This is another model where I use my operational model, above, to review the P&L. I create my own adjusted P&L where I remove the IFRS9 UNSETTLED derivatives and instead include only the SETTLED. I also focus on depletion ignoring amortisation/dep’n, so calculate the sustainability of the model as current prices. I also treat the dividend as though it were a P&L cost in order to look at sustainability. Finally the left columns include both cash and non-cash adjusted P&L costs but on the right side I strip out the non-cash costs. I particularly not the $240.6m tax bill gets wiped out in 2023 partly in 2024 since there is a tax asset used to offset the liability.
What emerges is the cut in dividend does free up resource although depending how harsh you are with “real” cash and non-cash costs you arrive to a circa $275m per year beyond the 29c quarterly dividend to fund buy backs, debt reduction, acquisition and investment. This is before any gains like the several we’ve seen here.
Peering across at DEC’s peers
I’ve compiled valuation criteria using data straight from Refinitiv, and a pattern emerges.
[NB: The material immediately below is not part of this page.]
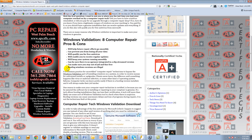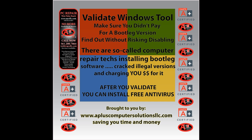If you find out that you have a bootleg installation, make sure that you contact the last person that worked on your computer. Get your money back and take care of the issue before it becomes a bigger problem than it already may be.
First that the market cap of DEC relative to profit, is ridiculously cheap. DEC is nearly 3x cheaper relative to earnings to its next peer (Gulfport). 2x cheaper in terms of Free Cash Flow too.
None of its peers offer a decent yield, at 10% it leads the pack.
Where DEC scores worst (red) apart from smaller size is the strength of the balance sheet. Deleveraging and paying down debt to reduce gearing is no bad thing.
The problem of demand & supply
A mild winter has reduced demand. For example last week there was a 13BCF/day year-on-year difference, while disruption to the Freeport LNG facility temporarily reduced demand by 2BCF/day. 15BCF less demand per day no wonder the prices are so low!
But it’s easy to take that out of context. Overall the difference of 2023 vs 2022 is a smaller 1 BCF/day. A 365 BCF over hang.
Gas demand is forecast to grow in 2024. What will supply do?
Now it’s true supply at some fields supply grows and grows. Can it ever stop growing? Is there a magic porridge pot? Does vast mean endless?
Natural gas demand grows and is forecast to grow. The US switch from coal to gas historically added around 2-3Bcf/day of demand and there’s more than a decade’s worth of switching to go.
Moreover exports grow, even if Biden’s LNG export freeze is not overturned and if President “Export Baby Export” Trump doesn’t get into power again exports will grow. LNG by ship or by pipeline to Mexico. LNG will grow by 2BCF/day in 2024 alone (+2BCF for Freeport) = 4BCF/day. Exports (demand) grows by 10TCF a year by 2040 say the EIA.
Meanwhile has total shale production plateaud? It plateaud in late 2021 so well before today’s low prices. Does that mean the vast porridge pot is settling towards a peak? Do you see half a bell curve?
What does that mean long run for gas prices and for DEC? Rising demand and declining supply?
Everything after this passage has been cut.